Also has support for joins and complex joins been developed yet for python and GO?

smeet07 avatar Sep 21 '22 14:09 smeet07

@TheNeuralBit in section 6.6.2 of programming guide under grouping aggregations, they have used GROUP transform in java for selecting multiple fields, should we show how select in python can be used here for multiple fields?

I think the GroupBy transform is the best analogue in Python. There are some usage examples here

Also has support for joins and complex joins been developed yet for python and GO?

No neither Python nor Go has a high-level Join transform.

TheNeuralBit avatar Sep 23 '22 22:09 TheNeuralBit

@TheNeuralBit In combine functions of aggregate fields, there is sum and meancombinefn, is there any other I should know of?

smeet07 avatar Sep 30 '22 20:09 smeet07

@TheNeuralBit In combine functions of aggregate fields, there is sum and meancombinefn, is there any other I should know of?

Any CombineFn implementation, like you would use in the Combine transform, can be used to aggregate fields.

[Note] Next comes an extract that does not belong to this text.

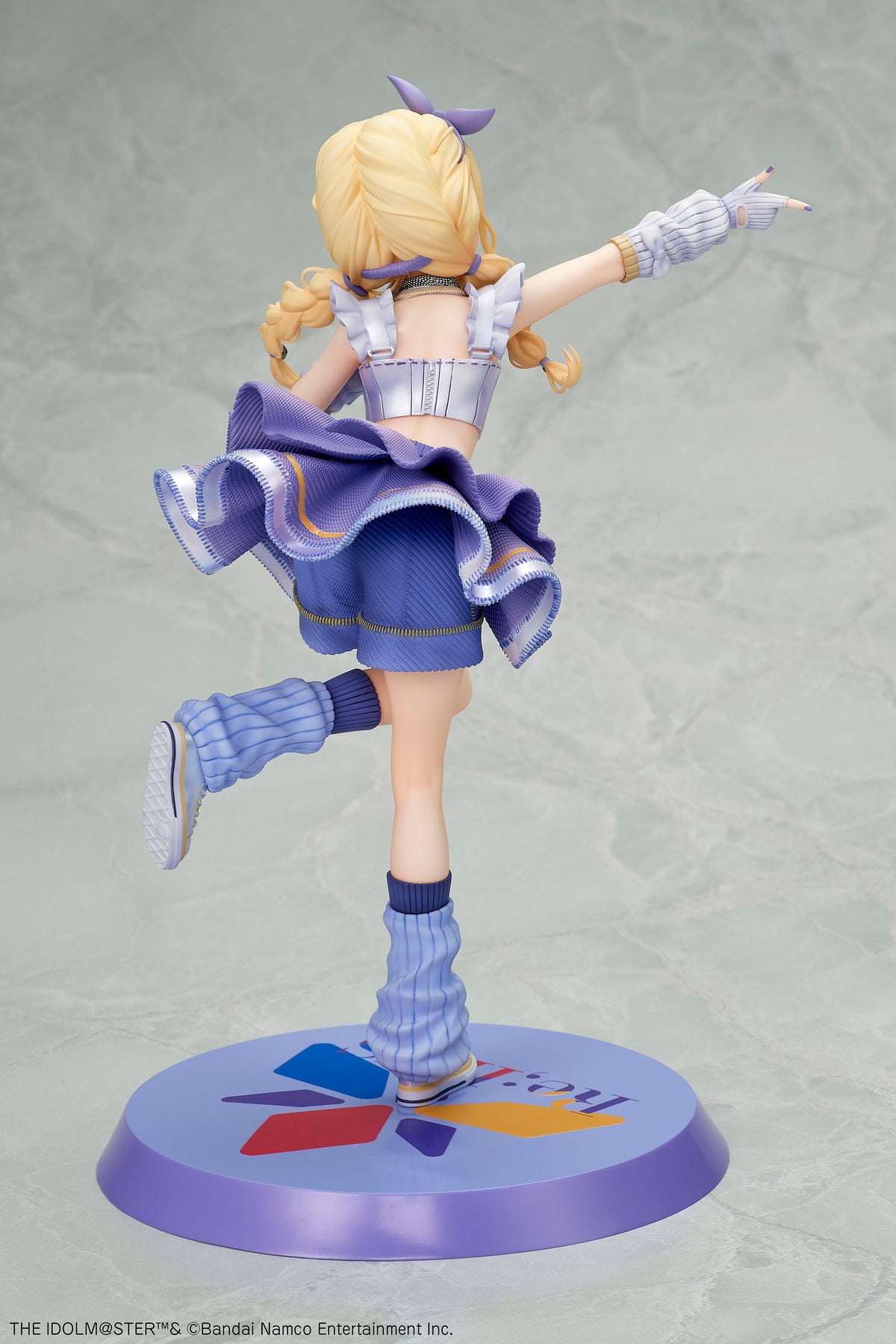 THE IDOLM@STER Gakuen KOTONE FUJITA Re;IRIS Ver 1/7 Complete Figure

TheNeuralBit avatar Sep 30 '22 21:09 TheNeuralBit

@TheNeuralBit I added some python code for select and groupBy transform but it doesn't show up while selecting python, instead shows up after selecting java, could you identify where might have I gone wrong ?

smeet07 avatar Sep 30 '22 22:09 smeet07

@TheNeuralBit what changes should I do next?

smeet07 avatar Oct 15 '22 18:10 smeet07

R: @TheNeuralBit

smeet07 avatar Oct 25 '22 15:10 smeet07

Stopping reviewer notifications for this pull request: review requested by someone other than the bot, ceding control

github-actions[bot] avatar Oct 25 '22 17:10 github-actions[bot]

retest this please

TheNeuralBit avatar Oct 27 '22 23:10 TheNeuralBit

the console output of the whitespace check shows this image but there is no blank line or any whitespace according me in image

smeet07 avatar Oct 27 '22 23:10 smeet07